De pers vermeldde onlangs de wens van de Belgische Regering om snel een nieuwe taks op effectenrekeningen goed te keuren. U herinnert zich vast nog dat de eerste versie van deze taks – wet van 7 februari 2018 – door het Grondwettelijk Hof nietig werd verklaard via een arrest gewezen op 17 oktober 2019. Hoewel nog geen ontwerptekst gepubliceerd werd, geven we hierna commentaar bij de eerste berichten die in de pers zijn verschenen.
Hoewel de partners van de regeringscoalitie hadden aangekondigd dat er deze legislatuur geen nieuwe belastingen zouden komen, liet Minister van Financiën Vincent Van Peteghem (CD&V) midden oktober weten dat hij werkte aan een “billijke bijdrage” voor de individuen met de “breedste schouders, met respect voor het ondernemerschap”.Een bijdrage die jaarlijks “250 à 300 miljoen euro” zou moeten opleveren.

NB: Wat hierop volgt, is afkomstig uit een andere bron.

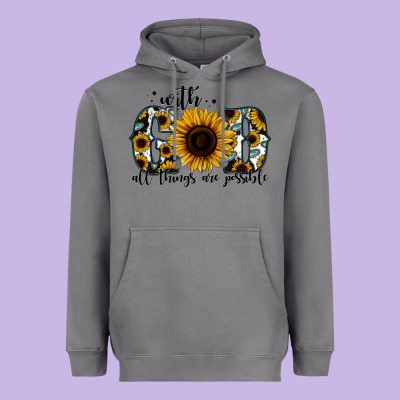 With God All Things Are Possible Sunflower Heavyweight Hoodie Designed By Jasminsmagicworld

Op vrijdag 30 oktober lazen we in de pers (De Standaard, La Libre) dat deze taks gewoon een nieuwe, uitvoerig herwerkte taks op effectenrekeningen zou zijn. Deze taks van 0,15% zou geheven worden op alle effectenrekeningen met een waarde van 1.000.000 € of meer.

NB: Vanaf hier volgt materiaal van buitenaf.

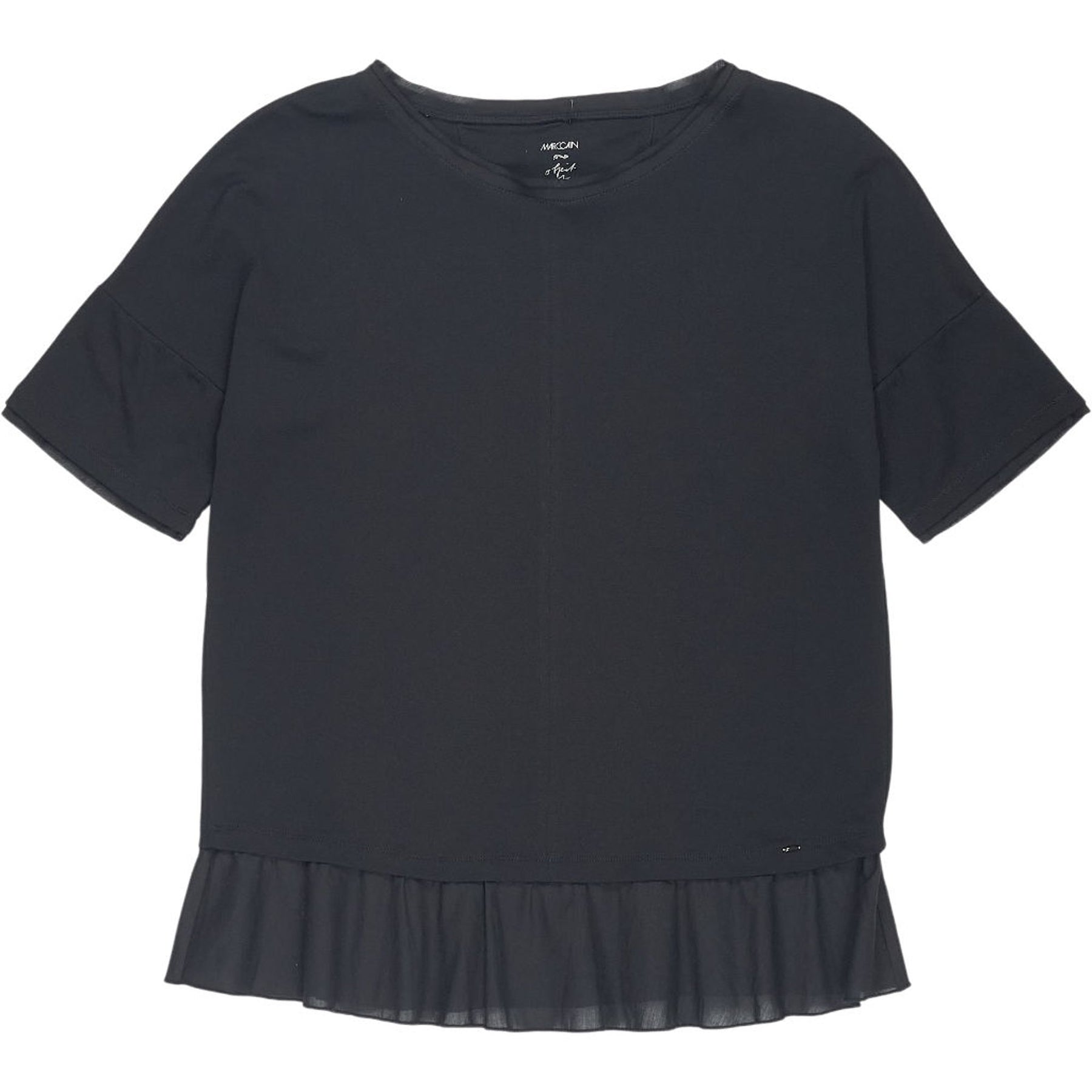 Marc Cain Black Ruffled Hem Top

In tegenstelling tot de eerste versie zou geen enkel financieringsinstrument dat op een effectenrekening staat, uit het toepassingsgebied worden uitgesloten. Bovendien zou de taks voortaan van toepassing zijn op natuurlijke personen én op rechtspersonen (ondernemingen, rechtspersonen of juridische constructies beoogd door het stelsel van de “kaaimantaks”). Ook de in het kader van een levensverzekeringsovereenkomst gehouden effectenrekeningen betreffen, die tot nog toe op fiscaal vlak eerder gespaard zijn gebleven,vallen eronder.
Net zoals in het kader van de vorige versie zou deze taks niet van toepassing zijn op aandelen op naam die ingeschreven zijn in een aandelenregister. Wellicht is dat wat de Minister van Financiën bedoelde toen hij stelde dat deze nieuwe belasting “respect zou hebben voor het ondernemerschap”.

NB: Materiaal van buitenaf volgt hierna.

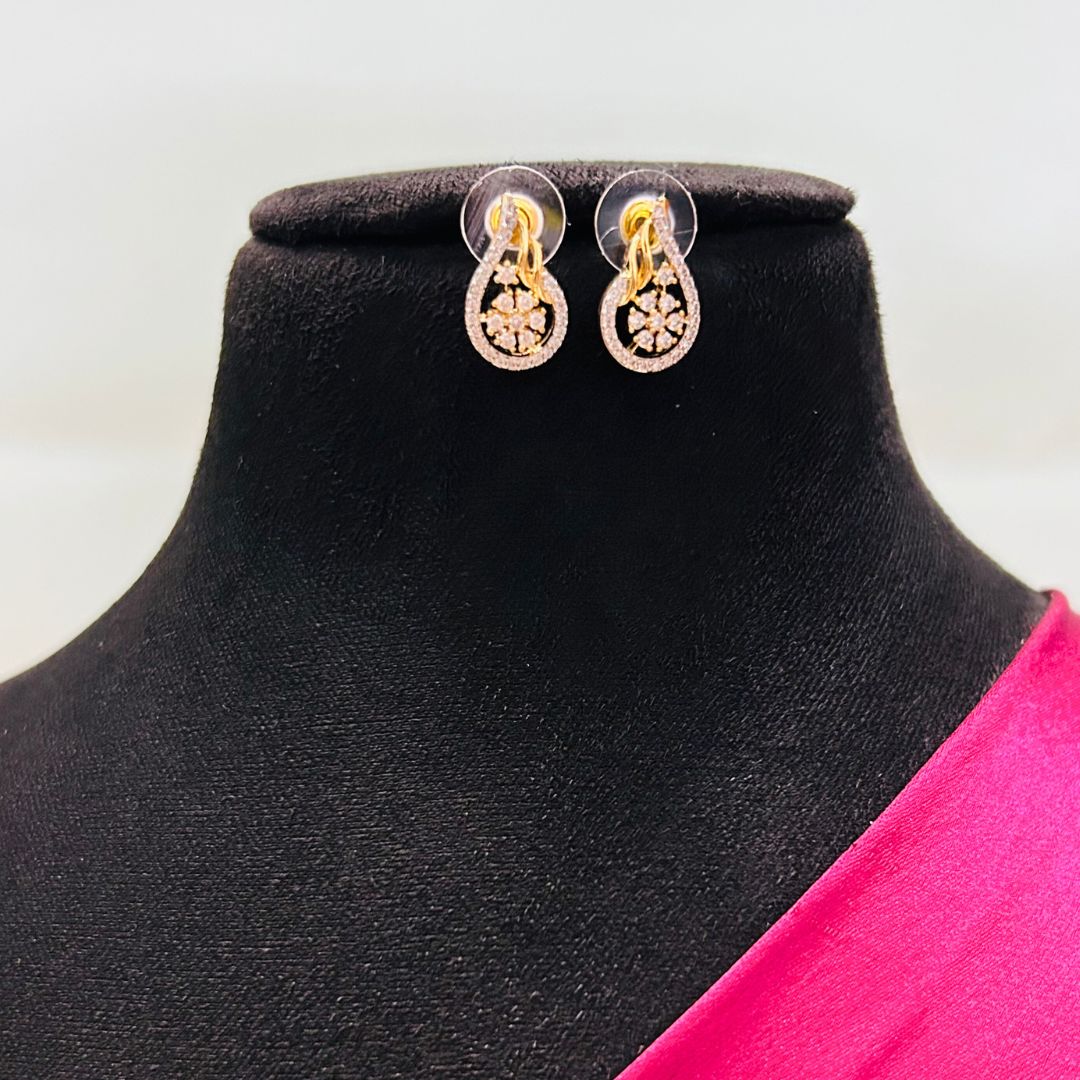 Anaira 18K Gold Plated American Diamond Pendant Set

Tot slot zou het gaan om een abonnementstaks waarvan de heffing aan de banken gedelegeerd zou worden en die dus betrekking zou hebben op de effectenrekening zelf.
Het feit dat eenzelfde belastingplichtige verschillende effectenrekeningen heeft – elk onder de drempel van 1.000.000 EUR, maar samen voor meer dan deze drempel – zou “onrechtmatig” zijn en de houder zou moeten aantonen dat deze verdeling om andere dan fiscale redenen werd doorgevoerd.
Bij gebrek aan een tekst is het uiteraard voorbarig om een analyse te maken van wat in de pers is verschenen, maar we kunnen al enkele eerste opmerkingen geven.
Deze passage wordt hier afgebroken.